ケネディ家をモデルとしたと思われる名門一族に絡む連続殺人を描いていますが、今回は本格風味が希薄。シリアル・キラーのカーソン刑事の兄も出番なく、ちょっと物足りない出来です。


No.156 6点 ヘッドハンター
マイケル・スレイド
(2010/04/15 18:45登録)
カナダ騎馬警官隊シリーズの第1作。
スプラッタ・ホラーと警察小説が合体した過激なサイコ・サスペンスです。
スレイドは何人かの作家の合作ペンネームですが、まるでリチャード・レイモンとジャック・カーリイが合作したような作風(かえって判りにくい?)です。

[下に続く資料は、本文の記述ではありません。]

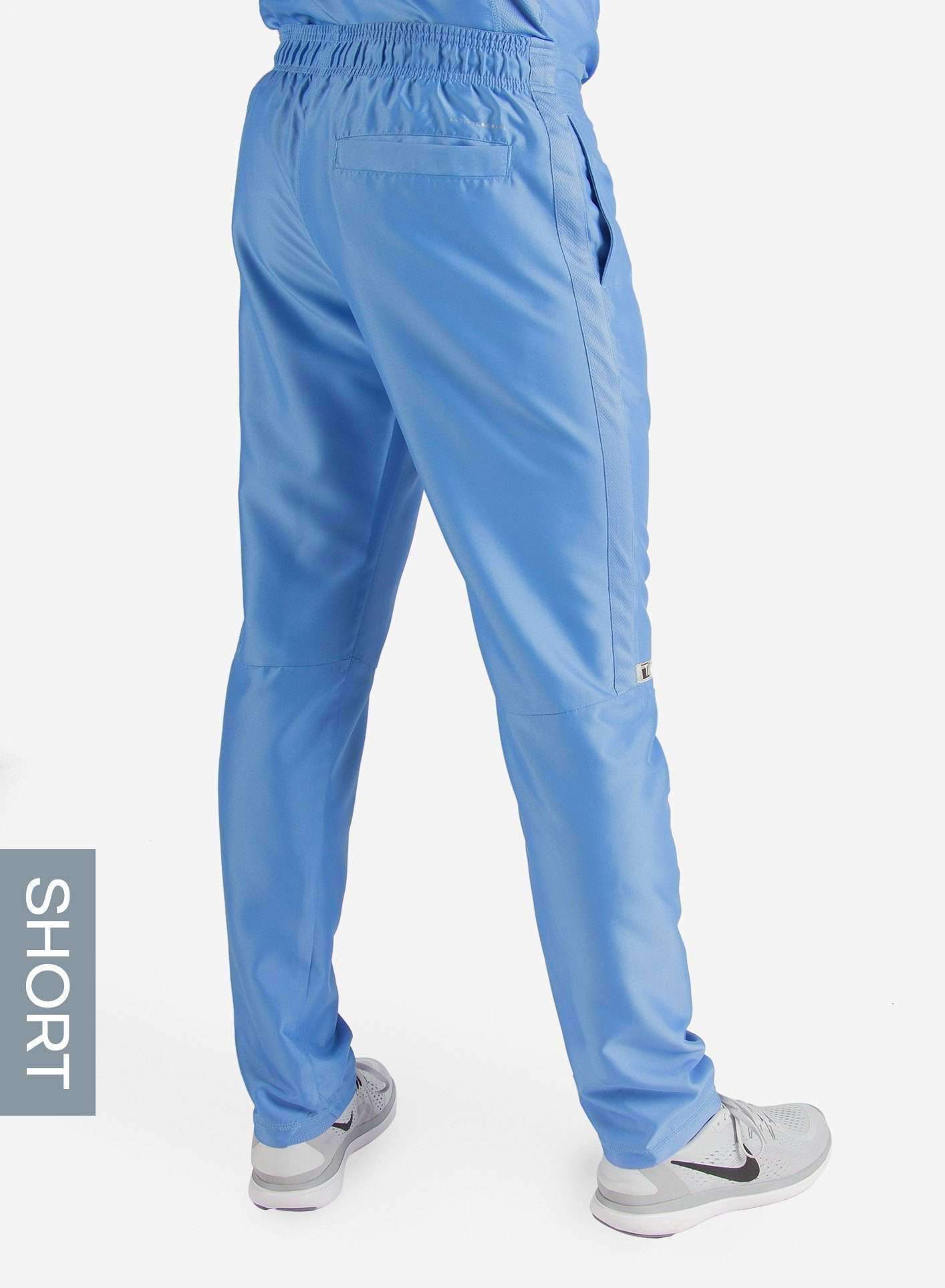Men&#39;s Short Slim Fit Scrub Pants in ceil-blue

異常極まりない残酷描写の連続と掟破りの結末は、なるほど綾辻行人がイチオシのシリーズだと納得いきました。


No.155 5点 鉄路のオベリスト
C・デイリー・キング
(2010/04/15 18:06登録)
ロード警部補ものの<オベリスト3部作>の第2作。
同じ年に大西洋の向う側で出版された「オリエント急行」と同様に長距離列車内の殺人を扱っていますが、こちらはアメリカ大陸横断鉄道が舞台です。
今作も巻末に「手掛かり索引」一覧を載せ、多重解決ものをやってくれてますが、冗長な心理学の講釈とトリックがやや強引なところがあって読後感はいまいち。

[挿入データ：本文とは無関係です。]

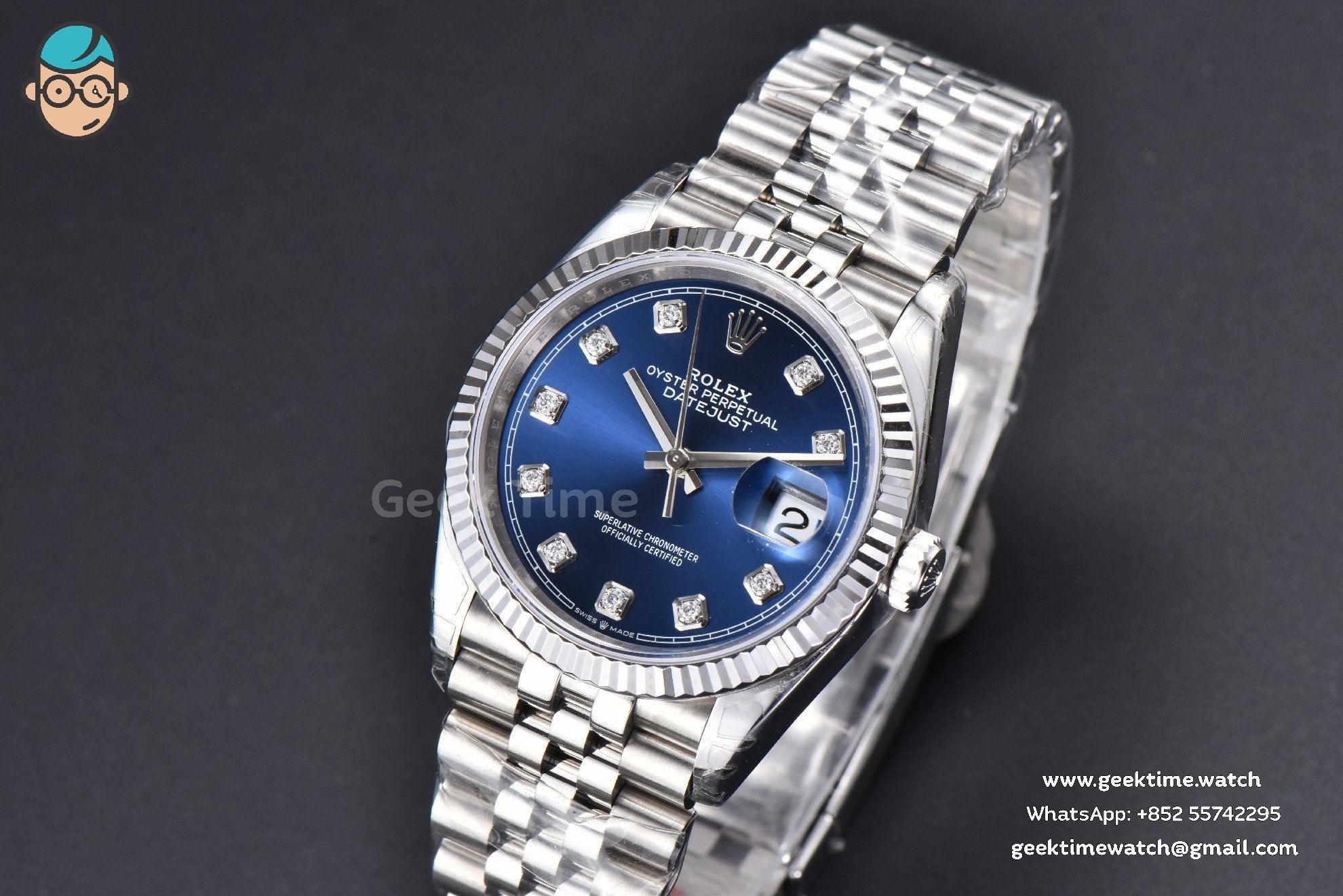 DateJust 36mm 904L VSF Blue Dial Diamond Marker Jubilee VS3235 - Image 2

訳者が鮎川哲也というのは題材からナルホドと思いましたが、本当かなあ。


No.154 7点 バースへの帰還
ピーター・ラヴゼイ
(2010/04/14 21:47登録)
主にビクトリア朝を時代背景に歴史ミステリを書いてきたラヴゼイが、本格的に現代ミステリに取り組んだダイヤモンド警視シリーズの第3作。
現代の英国本格を代表するシリーズの一つですが、当シリーズの書評が全くないのはちょっと寂しい。

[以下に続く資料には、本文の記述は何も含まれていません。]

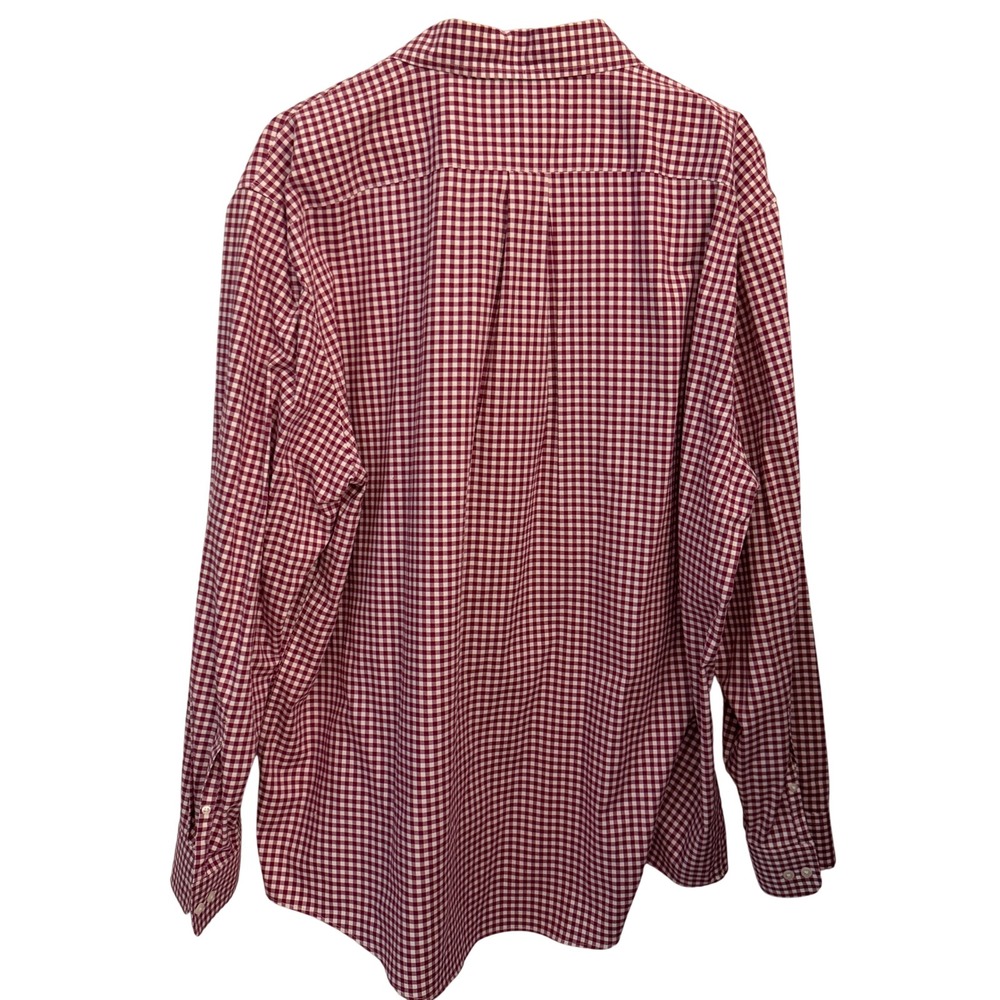 Lands' End Button Down Mens XXL Burgundy Excellent Gingham No Iron Twill Shirt - Picture 2 of 4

時代遅れで頑固者のダイヤモンドは、今作ではまだ「元警視」で、ある事情から過去の冤罪事件と現在の誘拐事件に奮闘する。
いかにも田舎町というのんびりしたバースの雰囲気もいいし、本格ミステリのツボを押さえた結末もお見事。個人的にはシリーズの代表作だと思っています。


No.153 8点 スクールボーイ閣下
ジョン・ル・カレ
(2010/04/14 20:50登録)
英国情報部<サーカス>のスマイリーとソ連の工作指揮官カーラとの諜報戦を描いた<スマイリー3部作>の第2作。
前作で二重スパイ<モグラ>によって壊滅的打撃を受けた英国情報部は、カーラの資金移動のルートを叩くべく反撃に出る。
3部作の2作目となるとつなぎの物語と思われがちですが、前作の重くて暗い動きの少ない物語に対して、今作は東南アジアとロンドンを舞台に壮大なエンタテイメントに仕上がっています。準主人公の<スクールボーイ>こと臨時工作員ウェスタビーの役割もそれに寄与していて、3部作では一番面白い。
といっても、人物、情景の書き込みぶりは尋常ではないし、リアリズムを追求した地味なエスピオナージには変わりないので、読むのに相当の覚悟が必要です。